Progress Update Q1 2019

First ever post on progress update! Since I have only kind of get the blog going in 2019, I will kick it off with an update on my progress towards FI in quarter one of this year.

Target Savings Rate: c. 70% of disposable income
Target Increase in Capital: +$18,000


  • Expenses are recognised as it is incurred
  • Change in capital figure includes disposable income components (i.e. salary, interests, dividends and side incomes) and gain(loss) in capital from investing activities

Savings Rate Update

Quarter 1 2019 Savings

Good start to 2019 so far! However, I am expecting a pick up in spending in quarter two given a planned trip overseas in May. Flight ticket has been recorded as expense in previous quarter, when booking was made, which should help mitigate noticeable drop in savings rate.

I do not actually run a rigid budget where I allocate a fixed number on the amount of money I can spend. Rather, I track my spending loosely against my targeted savings rate. This degree of flexibility will allow me to validate, over the long term, whether my targeted disposable income based on SWR (Safe Withdrawal Rate) I have in mind, is sustainable to live the lifestyle I wanted to life once I am FIREd.

Net Worth Update

Markets has bounced back strongly in Q1 2019, following global sell-off in risk assets in Q4 2018. The findings of the Royal Commission into the financial sector has been received well the markets which have helped the recovery in bank stocks/debt that I am currently holding in my portfolio. Coupled with numerous stocks paying dividends during the quarter, they have helped the capital grow in a healthy way, exceeding target set. The capital has grown by +$22,368.62 in Q1 2019.

Quarter 1 2019 Asset Allocations Profile

Closing Remarks

I have been quite satisfied with how everything is going for this quarter. Managed to squeeze solid saving rates throughout the quarter while the equity portfolio has been recovering satisfactorily following a dismal Q4 2018 performance. I realised that I should have deployed more cash early in the quarter given how strong the markets had rallied. Hindsight is always 20-20 thou!

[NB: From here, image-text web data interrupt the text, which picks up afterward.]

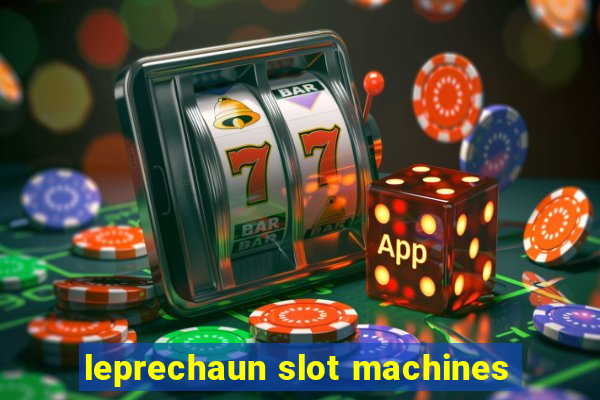 leprechaun slot machines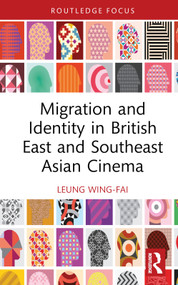 Migration and Identity in British East and Southeast Asian Cinema by Wing-Fai Leung, 9781032430478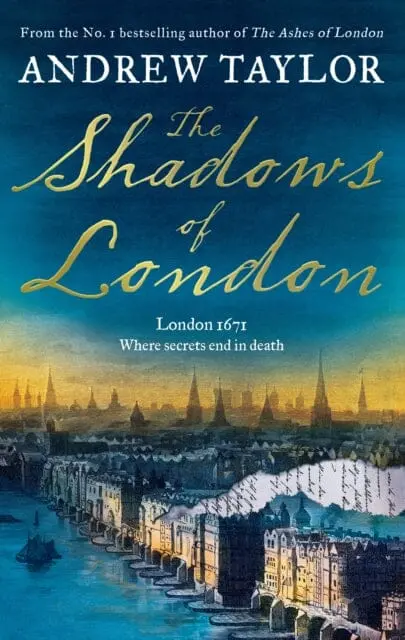 The Shadows Of London By Andrew Taylor 1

At current valuations, many of the developed markets looked fully valued as plenty of indices are getting closer to their all-time highs. Inverted yield-curve has always been a concern, but given we are living in an era of unprecedented Quantitative Easing, you would start to question the predictive power of the Yield Curve given past recessions predicted by the yield curve was not happening during time of easy/cheap money.

In the meantime, given the correction in the property market, running an overweight position in direct Mortgage Loan, which returns 7%+ p.a. might not be a bad idea in trying to achieve acceptable risk-adjusted returns, with lower property valuation allowing investors to cherry pick loan with reasonable LVR and sound collateral. I think I might write about this in my next post actually! As this is an option that not many people know that existed to retail investors.


  1. Great work on the savings rate! A 75+% savings rate is nothing to be sneezed at.

    I don’t really understand what you’re trying to say in the last paragraph though – are you referring to a way to obtain lower rates on an investment loan, or a way to increase investment yield?

    1. lunchpenny
      May 12, 2019

      Hi Ms Fire Mum, thank you for passing by and sorry for the late reply! Things have been very busy on the personal front.

      I think I will write about this in more details in my next post. However, Direct Mortgage Loan is a form of alternative investment where you become the banker.

      Typically what happen is a borrower/investor would go to a non-bank lender (such as La Trobe Financial) to get financing. In a normal circumstances, the non-bank lender will then write a loan and fund it from their balance sheet or most likely via a mortgage warehousing facility with one of the big 4 banks/big international investment banks.

      Now, as an alternative source of funding, La Trobe Financial actually then sell some of these loans directly to investors. They will then just take a management fees out of it. For example, John Doe borrowed at 9% from La Trobe Financial for a quick bridging loan, La Trobe then will sell this loan to investors at 7.75% (as an example, taking the 1.25% difference as management fee). This is an alternative form of investments which is totally unrelated to the share market and with the correct amount of weighting, this will reduce the volatility of returns in your portfolio (as they are fixed payment).

      Please let me know if you have more questions. Hopefully the above is not too confusing. But I promise I’ll come up with an article about this.